> [Exercise prompt] Reproduce exactly the lines below, starting with the line that contains "Seamless Women Yoga" and ending with the last line of the records, both included, and nothing else.

■ ■ ■

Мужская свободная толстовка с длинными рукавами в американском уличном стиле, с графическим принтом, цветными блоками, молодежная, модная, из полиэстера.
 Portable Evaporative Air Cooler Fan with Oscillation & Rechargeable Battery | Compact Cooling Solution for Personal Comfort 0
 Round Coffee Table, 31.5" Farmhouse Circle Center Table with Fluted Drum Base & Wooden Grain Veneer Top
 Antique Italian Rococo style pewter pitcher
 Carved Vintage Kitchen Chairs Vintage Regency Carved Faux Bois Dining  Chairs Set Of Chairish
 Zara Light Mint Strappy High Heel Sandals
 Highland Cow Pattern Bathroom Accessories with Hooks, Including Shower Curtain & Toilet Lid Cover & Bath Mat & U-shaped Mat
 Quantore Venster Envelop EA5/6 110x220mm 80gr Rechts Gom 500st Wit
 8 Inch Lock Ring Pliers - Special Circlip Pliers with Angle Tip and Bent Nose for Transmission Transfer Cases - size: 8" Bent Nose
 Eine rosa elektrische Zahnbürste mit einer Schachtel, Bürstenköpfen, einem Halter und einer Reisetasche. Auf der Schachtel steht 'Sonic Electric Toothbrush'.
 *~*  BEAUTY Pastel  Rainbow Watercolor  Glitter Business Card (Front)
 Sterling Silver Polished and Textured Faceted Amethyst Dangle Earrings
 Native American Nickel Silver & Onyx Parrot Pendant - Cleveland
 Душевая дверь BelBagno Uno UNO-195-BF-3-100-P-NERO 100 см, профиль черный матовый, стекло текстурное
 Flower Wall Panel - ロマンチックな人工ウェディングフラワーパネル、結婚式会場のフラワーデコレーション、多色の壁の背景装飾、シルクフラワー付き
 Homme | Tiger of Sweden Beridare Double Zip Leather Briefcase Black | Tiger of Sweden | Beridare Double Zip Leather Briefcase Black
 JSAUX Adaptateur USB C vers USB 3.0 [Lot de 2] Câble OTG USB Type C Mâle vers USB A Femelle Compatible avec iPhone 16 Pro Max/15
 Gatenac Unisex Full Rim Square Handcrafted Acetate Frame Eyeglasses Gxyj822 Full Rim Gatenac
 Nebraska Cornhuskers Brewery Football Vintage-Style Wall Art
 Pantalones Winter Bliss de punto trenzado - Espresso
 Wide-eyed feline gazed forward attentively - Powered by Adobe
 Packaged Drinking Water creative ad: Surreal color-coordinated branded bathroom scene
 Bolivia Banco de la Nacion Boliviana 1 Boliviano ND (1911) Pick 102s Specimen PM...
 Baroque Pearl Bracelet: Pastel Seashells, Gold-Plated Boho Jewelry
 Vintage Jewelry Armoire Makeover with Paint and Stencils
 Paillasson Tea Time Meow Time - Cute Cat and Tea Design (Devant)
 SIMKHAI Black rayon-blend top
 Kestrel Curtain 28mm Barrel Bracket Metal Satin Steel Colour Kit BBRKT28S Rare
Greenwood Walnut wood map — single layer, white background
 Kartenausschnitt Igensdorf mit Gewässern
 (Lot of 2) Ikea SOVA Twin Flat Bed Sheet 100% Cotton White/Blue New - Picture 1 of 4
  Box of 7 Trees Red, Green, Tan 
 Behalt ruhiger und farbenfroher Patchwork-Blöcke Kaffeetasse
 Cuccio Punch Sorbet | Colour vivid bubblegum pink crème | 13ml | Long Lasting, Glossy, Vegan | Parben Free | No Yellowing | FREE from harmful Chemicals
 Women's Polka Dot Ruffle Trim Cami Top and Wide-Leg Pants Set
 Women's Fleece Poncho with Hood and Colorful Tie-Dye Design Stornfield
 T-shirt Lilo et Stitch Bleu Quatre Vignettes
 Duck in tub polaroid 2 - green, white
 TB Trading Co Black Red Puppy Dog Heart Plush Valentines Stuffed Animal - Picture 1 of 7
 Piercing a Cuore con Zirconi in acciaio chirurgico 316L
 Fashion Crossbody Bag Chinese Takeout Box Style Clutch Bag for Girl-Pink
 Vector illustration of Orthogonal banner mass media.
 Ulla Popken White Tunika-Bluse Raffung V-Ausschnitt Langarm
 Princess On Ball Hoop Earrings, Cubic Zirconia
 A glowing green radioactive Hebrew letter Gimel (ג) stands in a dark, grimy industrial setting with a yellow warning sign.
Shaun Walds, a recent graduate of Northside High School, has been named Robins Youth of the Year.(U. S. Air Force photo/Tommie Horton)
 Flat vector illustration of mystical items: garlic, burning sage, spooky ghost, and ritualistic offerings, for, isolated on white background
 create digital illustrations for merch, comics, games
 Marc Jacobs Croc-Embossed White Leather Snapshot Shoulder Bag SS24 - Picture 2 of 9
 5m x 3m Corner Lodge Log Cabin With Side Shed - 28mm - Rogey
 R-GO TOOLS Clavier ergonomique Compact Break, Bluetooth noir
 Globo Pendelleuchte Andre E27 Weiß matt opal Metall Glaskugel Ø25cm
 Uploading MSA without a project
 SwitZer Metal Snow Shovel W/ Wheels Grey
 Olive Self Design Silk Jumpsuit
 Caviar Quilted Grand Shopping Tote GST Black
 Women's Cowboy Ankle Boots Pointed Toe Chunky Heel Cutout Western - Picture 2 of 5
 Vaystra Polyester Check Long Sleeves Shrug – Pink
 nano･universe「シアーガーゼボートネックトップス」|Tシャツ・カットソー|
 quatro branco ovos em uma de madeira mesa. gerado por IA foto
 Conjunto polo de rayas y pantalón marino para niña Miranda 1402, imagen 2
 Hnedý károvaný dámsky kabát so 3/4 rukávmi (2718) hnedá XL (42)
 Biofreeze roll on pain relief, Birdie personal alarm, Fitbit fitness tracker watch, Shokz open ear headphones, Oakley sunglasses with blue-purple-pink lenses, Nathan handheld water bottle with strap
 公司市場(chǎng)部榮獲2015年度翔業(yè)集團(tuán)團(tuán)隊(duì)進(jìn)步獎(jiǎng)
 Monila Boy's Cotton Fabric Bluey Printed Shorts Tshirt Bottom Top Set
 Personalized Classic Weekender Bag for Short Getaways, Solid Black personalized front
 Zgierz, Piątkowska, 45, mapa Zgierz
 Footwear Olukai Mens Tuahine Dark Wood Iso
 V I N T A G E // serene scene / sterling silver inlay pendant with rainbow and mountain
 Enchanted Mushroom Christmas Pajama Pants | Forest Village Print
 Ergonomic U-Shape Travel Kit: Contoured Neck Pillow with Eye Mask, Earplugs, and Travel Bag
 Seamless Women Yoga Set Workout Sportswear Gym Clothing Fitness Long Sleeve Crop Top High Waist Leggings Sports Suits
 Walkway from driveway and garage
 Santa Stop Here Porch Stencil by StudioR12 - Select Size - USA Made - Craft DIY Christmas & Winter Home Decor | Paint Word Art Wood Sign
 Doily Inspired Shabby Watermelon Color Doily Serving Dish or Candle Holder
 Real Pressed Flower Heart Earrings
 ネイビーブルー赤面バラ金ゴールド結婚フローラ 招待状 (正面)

■ ■ ■

> [Answer]
 Seamless Women Yoga Set Workout Sportswear Gym Clothing Fitness Long Sleeve Crop Top High Waist Leggings Sports Suits
 Walkway from driveway and garage
 Santa Stop Here Porch Stencil by StudioR12 - Select Size - USA Made - Craft DIY Christmas & Winter Home Decor | Paint Word Art Wood Sign
 Doily Inspired Shabby Watermelon Color Doily Serving Dish or Candle Holder
 Real Pressed Flower Heart Earrings
 ネイビーブルー赤面バラ金ゴールド結婚フローラ 招待状 (正面)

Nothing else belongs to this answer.